Sadly, the intimidation tactics appeared to be working. The people of Judah complained that the workers were getting tired. They complained that there were bad guys everywhere! They didn’t think that they could finish the walls and gates.
Nehemiah got the people to not be afraid, telling them that God was on their side and would help them. The bad guys, realizing that their plans were foiled and exposed, backed off, sort of. The people guarded the wall. They all had weapons on them at all times. They also, for whatever reason, didn’t take off their clothes for many days (Ew!).
In the next chapter, Nehemiah appears to be having trouble WITHIN his side. Lots of people who are poor are having to sell their kids as slaves and stuff to pay off debts. (They didn’t have bankruptcy yet or welfare or foodstamps or things like that around yet.) Nehemiah told off the rich guys for charging interest on the loans to the poor guys (which, if I recall, while allowed for foreigners, was FORBIDDEN for loans to fellow Hebrews under the Law of Moses.) They, however, were silent and acted as though nothing was wrong. (If Satan can’t get you on the outside, he’ll try and cause problems on the inside.)

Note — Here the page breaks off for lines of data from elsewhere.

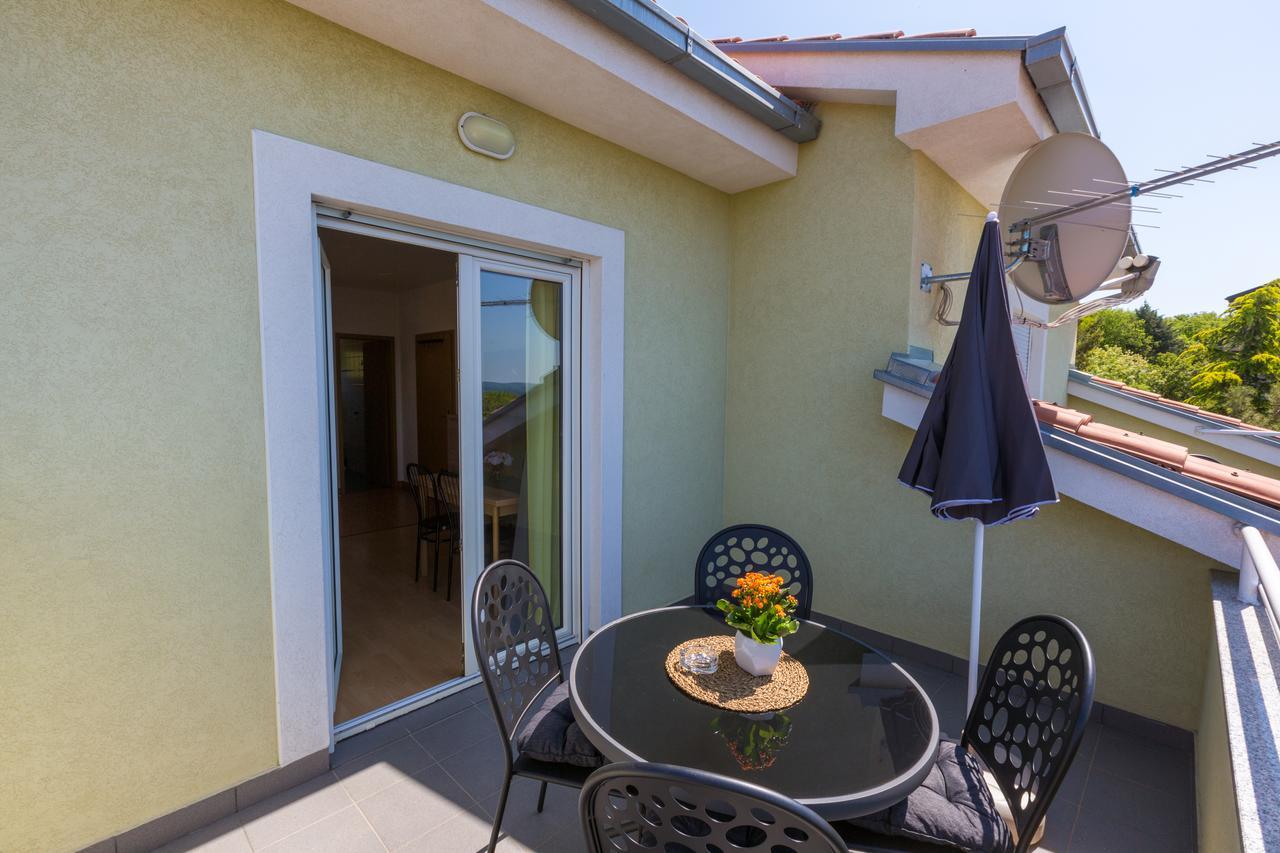 Apartments Claudia Цриквениця Екстер'єр фото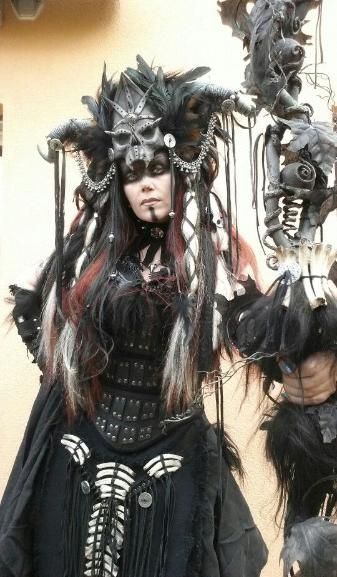 Shaman Outfit, Necromancer Outfit, Fantasias Halloween, Witch Costume, Halloween Make Up, Fantasy Costumes, Halloween Make, Costume Makeup, Fantasy Clothing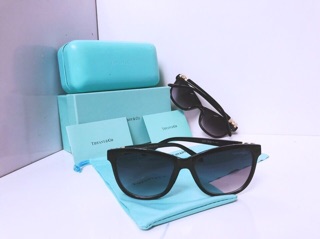 KÍNH TIFFANY TẶNG HỘP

Nehemiah went and said that they should give back the fields that they had taken from them (which appeared to have been given as they couldn’t pay their debt.). The same for their children and other things. They were also told to give back the interest money. The rich guys finally agreed. Nehemiah got them to promise that and swear to God that they would do what they said. The people did.
Nehemiah apparently was the governor of Judah. He was good and kind to the people. The ones before him appear to have been creeps. Nehemiah, however, didn’t even demand the stuff (which would have put pressure on the people) that was allotted to the governor by law. Things seemed well for Nehemiah again.
Nehemiah and his guys had repaired the walls. However, they had not yet put doors in the gates. As they set out to do this task, their good ole pals Sanballat, Tobiah, and Gashem, among others, found that they had rebuilt the wall and weren’t happy about that. They tried to meet with him, but he said that he was too busy. They kept trying. The fifth time, they sent him a letter. It said that there was a rumor going around (Hmmmm, I wonder who started it!) that Nehemiah was building the wall as part of a planned revolt against the king and that he hoped to be the new king of the Jews. (What a bunch of jerks!)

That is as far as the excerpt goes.